Default triggers are the conditions that put the debtor in default such as failure to make payments, insolvency, breach of agreement terms, and more. 

Remedies are the actions the secured party can take once the debtor defaults, which include seizing and selling the collateral and other legal actions. 

Notice requirements refer to the requirement the secured party has to notify the debtor before taking action, which offers the debtor an opportunity to remedy the default. 

Rights and obligations are the rights the secured party has to enforce the security interest and the obligations of the debtor to cooperate. 

Risks & Benefits of a General Security Agreement

While a GSA is meant to protect lenders in a situation where the borrower defaults on a loan, it might also come with a few challenges for both parties. 

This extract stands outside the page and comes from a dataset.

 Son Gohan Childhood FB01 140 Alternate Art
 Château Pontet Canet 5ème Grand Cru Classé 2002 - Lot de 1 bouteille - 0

Advantages & Risks for Lenders: 

  • Reduced Risk – This is the most obvious advantage for lenders when using a GSA. Having an option for legal recourse on a defaulted loan to recover the owed amount significantly mitigates the risk associated with lending money. 
  • Claim Priority – As explained already, a perfected GSA benefits the lender by ensuring priority when it comes to claiming specific collateral over other third party creditors.
  • Collateral Valuation – One of the challenges a lender faces with a GSA is the actual task of accurately valuing collateral. For example, tangible assets may depreciate while intangible assets can be difficult to assess. If the collateral is not valued correctly, this can increase the risk of loss for the lender.
  • Legal Complexities – Another challenge a lender faces is making sure all of the legal requirements are met to maintain the validity and enforceability of the security interest. The legal stipulations can be complex and will vary by jurisdiction, so it’s important the lender does the work to understand and comply with each law.  

Advantages & Risks for Borrowers: 

  • Lower Interest Rates – Since a GSA reduces the risk for lenders to extend credit, it often means the borrower can obtain a lower interest rate on the loan. 
  • Higher Loan Amounts – The reduced risk and presence of collateral also give lenders more confidence in the borrower’s ability to repay, which often makes them willing to offer higher credit amounts. 
  • Losing Collateral – The most obvious risk for the borrower when using a GSA is the potential loss of collateral if the borrower defaults on the loan. This is especially difficult if the collateral is a critical part of the borrower’s business operations or personal finances. 
  • Restrictions on Assets – Another challenge a borrower might face is the restrictions a GSA could place on how the collateral can be used. For example, the GSA might stipulate that the collateral must remain in good condition, can’t be sold without the lender’s consent, or must be insured. This could reduce the borrower’s flexibility in how the collateral is used. 

The Process of Creating a General Security Agreement 

Both parties should consult with lawyers who specialize in secured transactions to ensure the GSA complies with applicable laws and protects their interests. The basic process for creating a GSA includes the following steps: 

  • Negotiating the Details – This includes identifying the parties, defining the collateral, and outlining the security interest. 
  • Drafting the Agreement – This refers to writing an agreement with precise terms and conditions. These include defining what constitutes a default, outlining actions the secured party can take in case of default, specifying the notice requirements for default and the secured party’s actions, and stating the rights and obligations of both parties. 
  • Execution of Agreement – Of course, both parties must sign the GSA so that it can be legally executed. 
  • Perfecting the Security Interest – This step requires registering the GSA with the appropriate provincial Personal Property Security Act (PPSA) registry.

It’s important that both parties understand and document all relevant details to avoid future disputes and ambiguities.